It’s harder for U.S. ETF investors to play the recent surge in international stocks than you might think.
Reversing years of mediocre returns, stock markets outside the U.S. gained 16.7% in the 12 months that ended on Feb. 28, based on the S&P Global Broad Market Index. But if you are looking for an international ETF with a dividend focus and an expense ratio under 0.35%, there are only four. Two were launched last year, and the other two are just about a year old.
iShares International Dividend Growth ETF (IGRO, expense ratio: 0.22%) holds more than 400 dividend stocks of companies based outside the United States. While the cost of ownership is low, the cost of buying IGRO could be high. ETF.com lists the average bid-ask spread of the portfolio at 1.84%, perhaps the result of low trading volume.
This ETF is based on the Morningstar Global ex-U.S. Dividend Growth Index, which includes non-U.S. stocks that have had at least five years of uninterrupted dividend growth. Index candidates must have a positive consensus earnings forecast and a payout ratio of less than 75%. REITs and passive foreign investment companies are excluded. The ETF’s largest sector is financial services, and its biggest geographic concentration is developed Europe.
PowerShares S&P International Developed High Dividend Low Volatility Portfolio (IDHD, 0.3%) is a 100-stock ETF, weighted by yield. It is based on the S&P EPAC Ex-Korea Low Volatility High Dividend Index, which covers stocks in the developed Europe and Asia Pacific regions.
Why ex-Korea, which S&P Dow Jones Indices considers a developed country? I suspect it is to make the index comparable to MSCI benchmarks, which for historical reasons count South Korea (the world’s 11th largest economy) as an emerging market.
The index includes the 100 stocks with the lowest price volatility (in local currency) from among the 300 highest-yielding securities. There are limits on company and sector concentration. Real estate is the largest sector and Singapore the biggest country allocation.
Vanguard International Dividend Appreciation ETF (VIGI, 0.25%) holds approximately 200 stocks and tracks the Nasdaq International Dividend Achievers Select Index, which requires at least seven years of consecutive annual dividend increases. REITs are excluded and there are minimum trading volume requirements.
The index uses a modified market capitalization weighting, and individual companies may not exceed a 4% weight. Additional proprietary screening criteria are used, but not disclosed. At the end of January, health care was the ETF’s largest sector and 33% of the portfolio was in developed Europe.

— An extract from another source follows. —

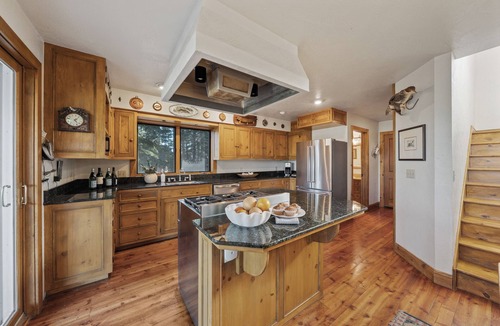 Tahoma Cabin | Ellis Peak by AvantStay | Beautiful McKinney Cabin w/Filtered Lake Views
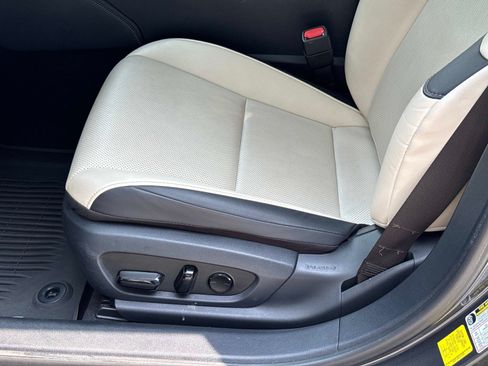 Used 2024 Lexus ES 350 w/ Premium Package FWD image 19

Vanguard International High Dividend Yield ETF (VYMI, 0.32%) is based on the FTSE All-World ex-U.S. High Dividend Yield Index. That index excludes REITs and all companies that are forecast not to pay dividends in the coming 12 months.
Potential candidates are ranked by consensus forecast yield from highest to lowest. Roughly the top 55% of candidates are in the index. As of Jan. 31, VYMI’s largest sector exposure was in financial services, while developed Europe was the biggest geographic concentration.
When looking at an international dividend fund, you might want to consider comparing portfolio yields. The 30-day SEC yield might be helpful, but the SEC does not require fund companies to post that metric for international funds.
Some do, but Vanguard does not. The company says that because of currency moves and the different ways countries withhold taxes, the yield would fluctuate substantially from month to month.
The accompanying table uses Morningstar’s estimate of yield based on a fund’s historical holdings. For IGRO and IDHD, estimates are based on holdings on Feb. 28. But since Vanguard does not disclose its positions until 15 days after the end of the month, the estimates for VIGI and VYMI are based on Jan. 31 holdings.